There are neurons in your skin that are wired for one purpose and one purpose only: to sense itchy things. These neurons are separate from the ones that detect pain, and yet, chemical-induced itch is often accompanied by mild pain such as burning and stinging sensations. But when it comes to sending signals toward your brain through your spinal cord, itch and mild pain can go through the same set of spinal cord neurons, researchers report February 22 in Neuron. This finding explains why pain often accompanies intense chemical-induced itch.
“To our surprise, we found the spinal cord neurons receiving the peripheral pain and itch inputs are not separate. They can receive signals from itch fibers and also pain fibers,” says study coauthor and neuroscientist at Johns Hopkins University Xinzhong Dong. These neurons, called the GRP neurons, are a way station for pain and itch signals on their way to the brain.

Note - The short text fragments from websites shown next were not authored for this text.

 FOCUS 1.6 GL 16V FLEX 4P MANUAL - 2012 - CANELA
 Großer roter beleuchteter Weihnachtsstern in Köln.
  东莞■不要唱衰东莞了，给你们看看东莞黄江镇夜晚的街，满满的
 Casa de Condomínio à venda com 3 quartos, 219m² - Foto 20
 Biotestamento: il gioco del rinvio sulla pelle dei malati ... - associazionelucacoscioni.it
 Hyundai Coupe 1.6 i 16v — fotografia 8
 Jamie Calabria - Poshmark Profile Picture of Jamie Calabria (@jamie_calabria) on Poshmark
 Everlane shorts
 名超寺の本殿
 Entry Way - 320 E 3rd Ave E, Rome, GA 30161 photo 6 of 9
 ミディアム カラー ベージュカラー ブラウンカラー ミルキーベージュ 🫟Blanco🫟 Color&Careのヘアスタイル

However, GRP neurons are not passive conduits, the researchers found. “When we eliminate this population of neurons in mice, the itch response is reduced. They scratch less,” says the study’s first co-author Shuohao Sun, a graduate student at Hopkins. “But at the same time, the pain response is actually increased.”
Mice without GRP neurons spent more time rubbing and licking to alleviate their pain, induced, for example, by exposing their tails to hot water. Further experiments that tracked electrical signaling through the neurons corroborated the result. Even though the GRP neurons seemed to be forwarding mild pain signals to the next neural relay station, they also seemed to mitigate intense pain signals.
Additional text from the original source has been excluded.